* Task brief *
Exactly and only the lines from the one with "Wooden Lao style house by the Mekong" through the end of the listing are to be transcribed, both ends included.

* Excerpted data *
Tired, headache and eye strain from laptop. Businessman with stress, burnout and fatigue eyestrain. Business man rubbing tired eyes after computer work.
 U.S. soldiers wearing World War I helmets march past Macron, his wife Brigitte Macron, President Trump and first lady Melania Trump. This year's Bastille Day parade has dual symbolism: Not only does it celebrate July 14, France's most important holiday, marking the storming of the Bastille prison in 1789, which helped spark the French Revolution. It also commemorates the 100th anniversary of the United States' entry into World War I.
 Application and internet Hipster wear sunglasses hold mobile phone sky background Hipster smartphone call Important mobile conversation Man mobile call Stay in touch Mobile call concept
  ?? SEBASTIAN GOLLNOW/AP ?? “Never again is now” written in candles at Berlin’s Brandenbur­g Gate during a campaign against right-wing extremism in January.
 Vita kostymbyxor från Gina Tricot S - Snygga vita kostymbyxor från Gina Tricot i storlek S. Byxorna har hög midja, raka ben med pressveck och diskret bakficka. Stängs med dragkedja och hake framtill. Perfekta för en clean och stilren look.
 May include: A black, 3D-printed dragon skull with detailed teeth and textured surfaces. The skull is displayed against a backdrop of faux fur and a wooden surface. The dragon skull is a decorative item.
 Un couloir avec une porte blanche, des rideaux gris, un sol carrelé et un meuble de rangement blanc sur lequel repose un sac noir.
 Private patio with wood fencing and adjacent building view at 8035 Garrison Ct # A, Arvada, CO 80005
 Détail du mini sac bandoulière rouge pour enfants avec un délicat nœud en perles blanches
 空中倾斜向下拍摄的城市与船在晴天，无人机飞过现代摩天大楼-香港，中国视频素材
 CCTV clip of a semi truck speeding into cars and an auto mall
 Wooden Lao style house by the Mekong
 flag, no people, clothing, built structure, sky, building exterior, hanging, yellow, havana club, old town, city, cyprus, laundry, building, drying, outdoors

* Result of this exercise *
 Wooden Lao style house by the Mekong
 flag, no people, clothing, built structure, sky, building exterior, hanging, yellow, havana club, old town, city, cyprus, laundry, building, drying, outdoors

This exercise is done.